-I woke up telling myself to stay positive, but my body and my mind felt trapped. Some days it’s hard to ignore what my inner self is asking for.-
Good evening, dear readers.
Today I tried to do what I said yesterday: to think positively, even though I’m working a shift that doesn’t really allow me to have a life. But honestly, I’m struggling a lot. I feel short of breath. I feel like I’m living a life that doesn’t represent me and that I have no time for myself. I feel trapped, like a mouse in a trap. Still, I did my best to make this morning work. I slept extremely well, I like what I see in the mirror, and I’m dedicating a lot of time to reading. On one side, this gives me a lot of satisfaction: it makes me feel more educated and it puts me into a state of flow. I can read for up to an hour without boredom, and when boredom appears, I change position and keep going. After a while, I reach a limit, and once I overcome it, I enter flow. I feel disconnected from the world, time moves on its own, and I’m completely immersed in what I’m doing.
On one hand, I’m happy to read so much. On the other, I know this reading frenzy comes from the fact that I’m suppressing my dreams and my goals. How long can I keep holding on like this? I don’t know. Every day I tell myself that everything will be fine, that it’s just a phase. I’ve been telling myself this for one year and two months. I keep carrying weight after weight, surviving somehow, but I’m getting close to a breaking point. I’m reaching complete saturation. Before, with shifts, I could manage my days. Now I’m fighting day by day just to reach Friday afternoon and enjoy the weekend. But what kind of life is this? Do I really want to adapt to this kind of “normality”? What keeps me here? Why can’t I say enough and take my own path? Maybe it’s the salary. Maybe it’s my parents’ judgment. Or maybe I’m just afraid of taking a big step. But then I ask myself: what do I really have to lose? If I don’t try now, when will I?

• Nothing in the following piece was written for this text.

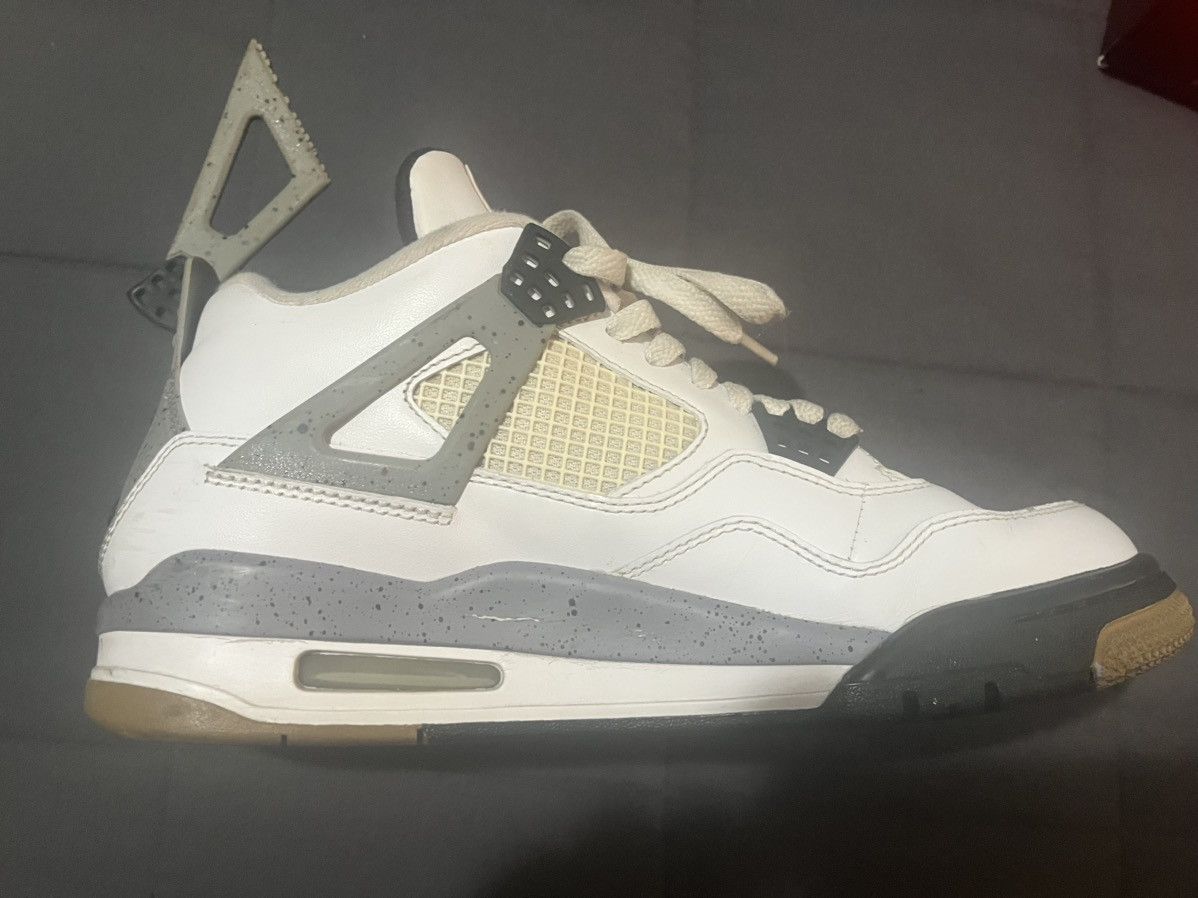 Nike Air Jordan 4 White Cement Size 8 US Size US 8 / EU 41 - 4 Thumbnail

Aside from this, today my legs finally loosened up. I had a great interval session and a solid leg workout at the gym. The positive side of this period is that physically I’m making huge progress. I’m no longer releasing my anxiety through food, but through training, reading, and writing. Writing on my blog helps me unload everything without filters and removes some of the weight I carry every day. My meditation is getting stronger, my routine is shaping my mornings, and for this I’m grateful. I’m grateful to have two legs to run and a roof over my head. I’m trying to stay strong, but it’s not easy.
The first weeks were full of ups and downs, but I was finding balance. Now everything has changed suddenly and I need to restore it. It’s not easy, but I have to do it if I want mental clarity again. Today I promised myself to be kind to everyone and not speak badly about others. I almost succeeded, but I can improve. Sometimes fatigue and anger make me harsh with people, and that’s wrong. I want to be harmonious, joyful, and kind. I don’t want negative conversations, only good ones. I attract kindness and joy into my life. I will find my path.
Good evening, readers. See you tomorrow.